Dr. Skocpol's name might not be familiar to most students at UT, but she is widely recognized in academic and political circles. Last year, she and another Harvard professor published a highly acclaimed book entitled "The Tea Party and the Remaking of Republican Conservatism." Her next academic project will revolve around the successes and failures of the Obama administration. She is considered to be one of the top scholars in political science and historical sociology — she has written multiple books and articles on a wide range of topics, and she frequently gives lectures and participates on panels. In short, Dr. Skocpol is the epitome of a public intellectual — someone who can "bridge the gap" between the often inaccessible academic sphere and the public.

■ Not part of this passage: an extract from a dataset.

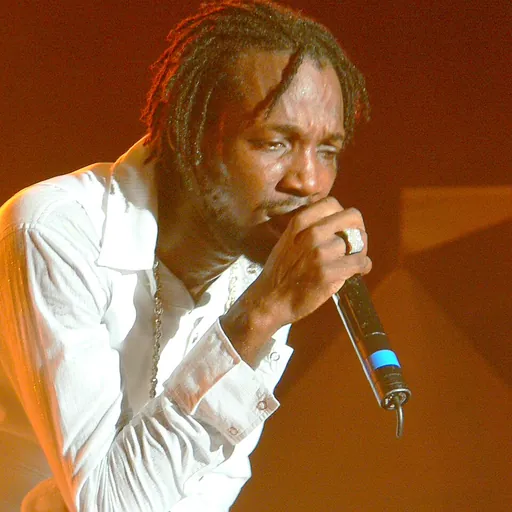 Portrait of Mavado
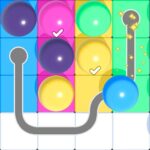 Marble Color Ball Sort Puzzle Unlimited Money Mod Apk 1.3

Being a public intellectual may not seem like a difficult task, but anyone who is acquainted with academia can understand the difficulties that arise when scholars try to explain or discuss their work with people unfamiliar with their topics. It is easy for academics to get caught up in the theories, methods, and jargons of their fields; it is just as easy for the general public to not understand these scholars' research or to feel condescended upon by these scholars. Making esoteric and detailed scholarly research accessible to the public is a skill that few possess, and Dr. Skocpol stands out among them. Her discussions of current political events in a compelling but academic manner make her research both appealing and comprehensible to the general public. Furthermore, her willingness to speak publicly about her research in forums outside of academia demonstrates the extent to which she serves as a public intellectual.
It is becoming increasingly important in today's world to make academic research accessible to the public. As scientific research becomes more detailed and complicated, as research in the social sciences delves into previously unexplored topics and the humanities explores new works of literature or art, it is more difficult than ever to distill complex research into something that the general public can understand and appreciate. And just because academic research is becoming more specialized and detailed does not mean it is any less relevant. The key for any academic is to take their research and apply it to a larger problem — global warming, understanding other people and cultures, expanding humanity's horizons. Sometimes it is difficult for an academic who has spent his or her career wrapped up in detailed research to articulate these connections in a meaningful way to the public, and that is why the public intellectual is so important.
I hope to see more academics make public intellectualism a priority in their research and overall careers. Academic researchers are undoubtedly the most qualified to discuss the methodology and results of their research, so the burden is on them to articulate these to the public. UT is fortunate to have the privilege of Dr. Skocpol's visit, for there is much she can teach about being a public intellectual.